The IAF sought an aircraft that could fly low to attack targets deep within Pakistan, and Viggen was entered into the contest which was eventually won by the Anglo-French Jaguar, a deal pushed by defence minister Jagjivan Ram during the Janata Party interregnum for a hefty consideration, as was reported at the time by Surya magazine, edited by Maneka Gandhi. The Jaguar deal proved to be the death knell for the Mk-II version of the first indigenous combat aircraft — the HF-24 Marut, configured by the legendary German designer of Focke-Wulfe warplanes, Dr Kurt Tank, who had been brought in by Jawaharlal Nehru to seed an Indian aviation industry. Its aerodynamics proved excellent for low-level flying and, powered by a Bristol-Siddeley engine, it would have matched Jaguar’s performance. The IAF leadership used the political cover provided by politicians inclined to rake in the moolah to kill the Marut Mk-II, thereby snuffing out the best chance for the Indian aviation industry to take wing.

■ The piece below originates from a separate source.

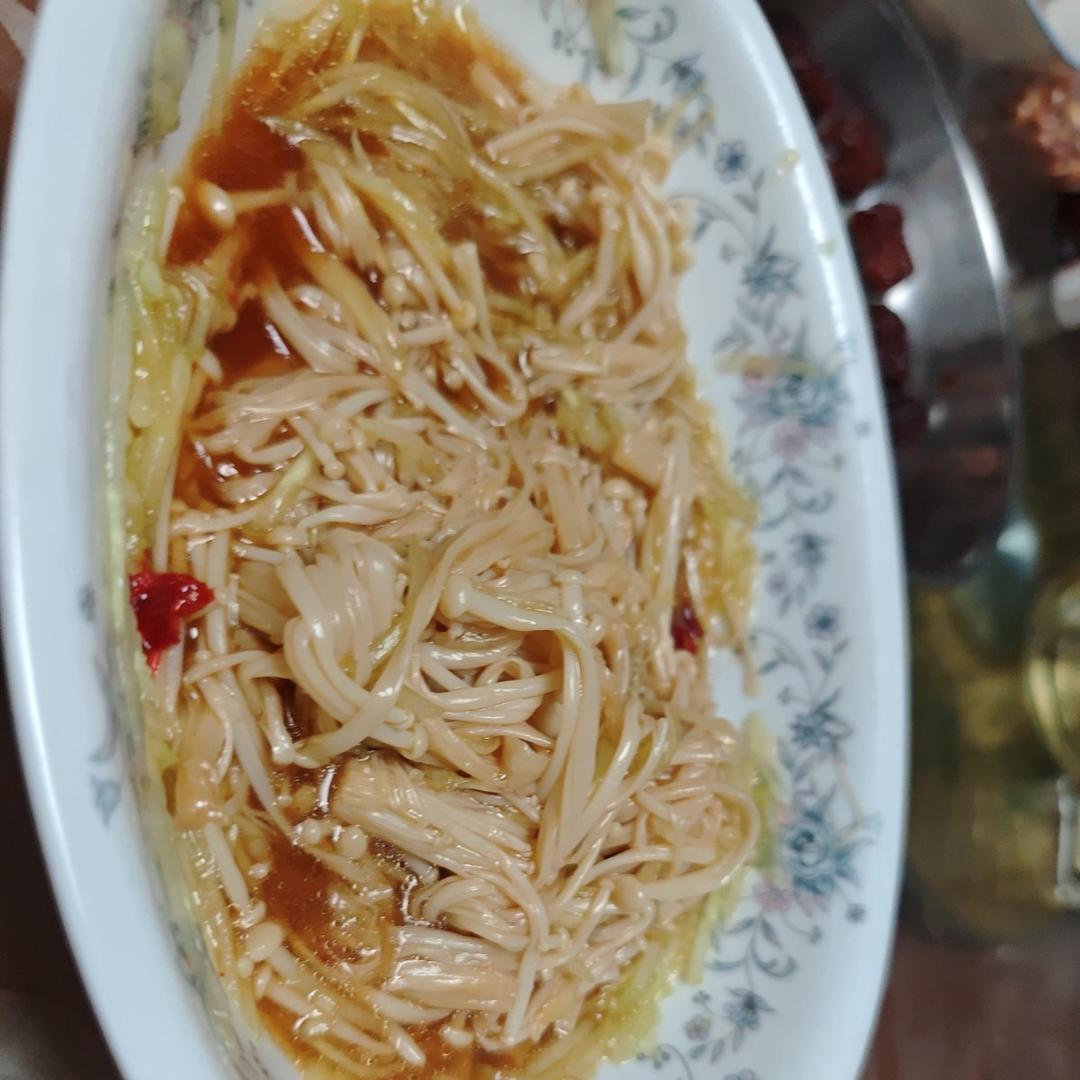 减脂餐 | 凉拌鸡胸肉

Forty years on, the country is faced with a similar setting and choice — a Congress coalition government is in power and yet another aircraft deal, for the French Rafale medium range multi-role combat aircraft (MMRCA), is on the anvil. The Manmohan Singh regime can approve the $22 billion contract facilitated by corrupt practices that will become known soon enough, and benefit France. Or, it can choose an indigenous option that can revive a comatose Indian aircraft industry.

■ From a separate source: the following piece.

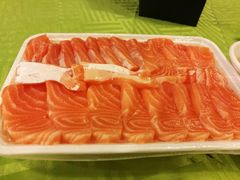 -盛港湾海鲜食府(黄沙店)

France and Rafale-maker Dassault Avions have offered sufficient provocation. After agreeing with India during the Arms Trade Treaty negotiations that the supplier obligation had to be balanced with buyer responsibility, Dassault has refused to abide by the provisions in the Request for Proposal (RFP) that made it responsible for the quality of the 108 Rafale MMRCA produced under licence by the public sector Hindustan Aeronautics Ltd. (HAL) designated in the RFP as prime contractor for the project. If Dassault had doubts it should have clarified this aspect before bidding for the deal, not after winning it, which prima facie suggests bad faith — enough cause to junk it.

A viable alternative is available in the Mark-II version of the Tejas Light Combat Aircraft (LCA) — its design fits the bill of an MMRCA and it is already undergoing wind tunnel testing. Not only is its 4.5-generation avionics suite common with that of the MK-I, but at its heart lies a ready-to-use AESA (Active Electronically Scanned Array) radar developed in collaboration with Israel that is comparable to that on the Rafale, except that the Thales RBE2 AESA radar for the Rafale is to be fully developed with the monies deposited by India!

With the larger air intake and the slight upward curvature of its wingtip, Mk-II Tejas, experts believe, has a better angle of attack (in excess of 28 degrees) with heavier payload than what Rafale can manage. The larger, three-metre longer, version of the Mk-I LCA, able to carry a bigger weapon load (five tons for Mk-II to Rafale’s stated six tons, which will be lesser because the European ambient conditions it is built for don’t obtain here), and has similar range, about 600 kms, and can be inducted into service in less time than the Rafale will take to roll out of HAL lines. Further, with a cranked-arrow delta wing with canards, the Mk-II will be superior to the Rafale in manoeuvrability. The basic Tejas Mk-I is already entering Limited Series Production (LSP) as prelude to full production. It will not be difficult to speedily establish a separate development and production line for Mk-II. In fact, HAL has shown confidence to reject European offers of help to set up the Tejas production infrastructure.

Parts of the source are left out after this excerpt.